I decided to tune into both WWE and TNA on January 4th, 2010, and I was really surprised. Not only did the WWE counter with the Shawn Michaels/Bret Hart segment, but I also saw that Eric Bischoff had accompanied Hulk Hogan. I still remember that promo they made, it was really bad for the hardcore TNA fan. They both stormed in there and changed the product to suit them. while Dixie Carter just agreed to all the changes as she was clearly star struck that someone as big and famous as Hulk Hogan would sign a TNA contract. The only problem was, they gave Hogan and Bischoff too much power, and they immediately let it go to their heads without examining what made TNA …. TNA. The video below isn’t of the greatest quality, but you should watch and hear the crowd reactions. “We want six sides” starts at 3:10.

Instead of coming into TNA and seeing what made the company what it was, Hogan and Bischoff was on a mission to make TNA the new WCW, or WWE-lite, as some like to say. They changed the ring, much to the dismay of fans, and former WWE/WCW/ECW wrestlers such as Ric Flair, RVD, The Nasty Boyz, Val Venis, Matt Hardy, Scott Hall and Sean Waltman, all decided to follow suit. TNA would enter into what I like to call … the “year of hell”, as Hulk Hogan, Bischoff and Flair formed the stables of Immortal and Fortune. AJ Styles was defeated rather quickly by Rob Van Dam for the title, and even up until 2014, AJ Styles never made his way back to the top (except briefly in late 2013/early 2014), he was demoted almost immediately.


The product became unwatchable as Immortal (who soon became the stable to keep the “anti-christ” Jeff Hardy at the top) continued to dominate every episode with run-ins, and ambushes on wrestlers who were not in the stable. They had Bubba the Love Sponge running around, thinking he was cool, but his comments on Twitter annoyed Awesome Kong so much that she attacked him backstage. Fans despised Bubba with a great deal of passion, and even more so after the incident with Awesome Kong. When haters talk about how bad TNA is, they only appear to reference the product during 2010. There were some good moments in 2010, but they were rare and usually had nothing to do with the incoherent main storyline. The TNA originals were used to form stables like Fortune (or be buried) who served under Ric Flair and Immortal. Basically, the guys who built the company was now cannon fodder for Jeff Hardy, Hogan, Bischoff and Flair, and that didn’t sit very well with a lot of fans.
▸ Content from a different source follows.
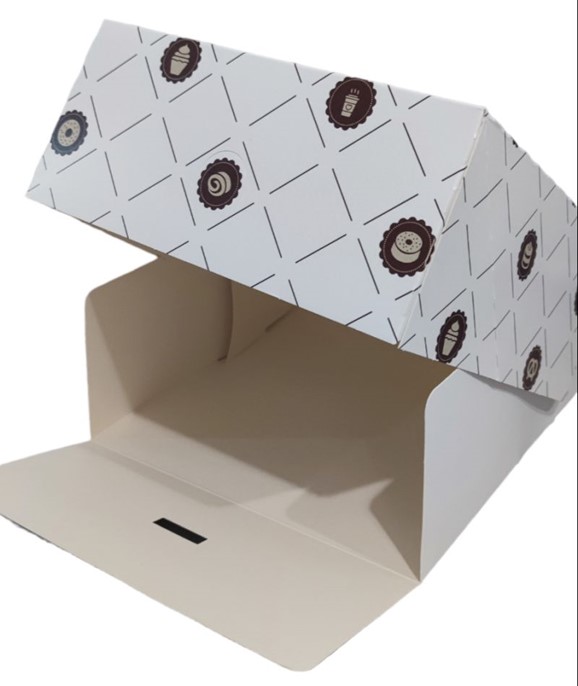 Pudełko na tort ROZETA 260x260xh120mm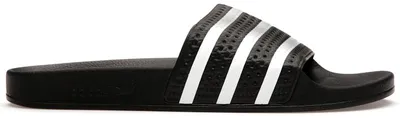 Produktbild von adidas Adilette Slides Black White - EU 37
The X-Divison became non-existent, and whenever they had the X-Division, it wasn’t highlighted as being important. Bischoff continued to talk down to X-Division wrestlers for being too small, and although I could understand he was trying to garner heat, he was actually sticking a huge middle finger up at the legacy of the X-Division and its fans. He just didn’t get it, and neither did Hulk Hogan. They tried to move away from the X-Division being important (even giving the division with “no limits” an actual weight limit … ) so they could take the airtime for more promos and backstage segments that were poorly done. Can you remember those segments? Almost every week, a cameraman would follow someone like Flair to Bischoff’s room, and although Flair would tell the cameraman to get lost, Flair would enter the room, and the cameraman would peek in from the outside after Flair “accidentally” left the door open. Flair and Bischoff would discuss the current agenda … until Flair or Bischoff would notice the cameraman and shut the door. So many little things insulted the fan’s intelligence, and TNA was no longer TNA. It was transformed into Impact Wrestling, the show where the fans were not allowed to chant “TNA” (producers asked fans in the Impact Zone to stop using boisterous chants as it came across poorly on TV, in their eyes), the ring was no longer six sides, the Knockouts didn’t matter, the X-Division definitely didn’t matter, and the booking was so poor I almost stopped watching altogether.